The fact is, there is very little any of us can do about it. The price of oil is a cost of doing business. It’s a cost in going to the grocery store, and it’s a cost in manufacturing car parts. The price is around $60 a barrel and that’s that. The stock market is now accepting this reality and moving on.
Consequently, investor sentiment is somewhat improving, and, although it’s early, second quarter earnings have so far been pretty darned good. In the large-cap sector of the market, Oracle came out and surprised the Street with its robust numbers, showing us that it is effectively handling its PeopleSoft acquisition. All sorts of smaller companies have also reported surprisingly strong numbers, with many beating consensus analyst estimates.
Perhaps we are seeing some light at the end of the tunnel. Perhaps the world isn’t ending at all (excluding Steven Spielberg). Perhaps I’ve been too bearish. In any case, it’s great to see companies reporting some solid numbers.
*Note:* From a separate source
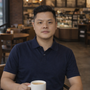 Edmund Goh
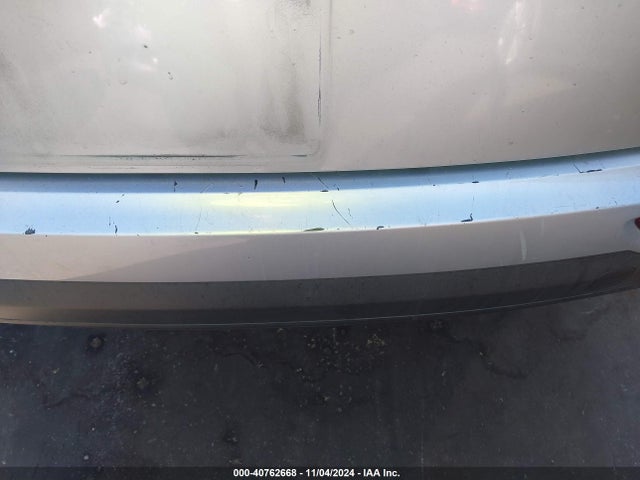 KIA Sportage Lx 2017 KNDPMCAC8H7140877 Image 17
Previously, I wrote in this column about how a sea of change is coming in the equity market. I still can’t escape this view. I’m starting to think the outlook for technology is improving and that 2006, in particular, could be a great year for the market sector. Oil is going to continue affecting the economy, and energy stocks will continue to do well, but if you ask me where I’d put some money in this market right now, I’d definitely overweight technology.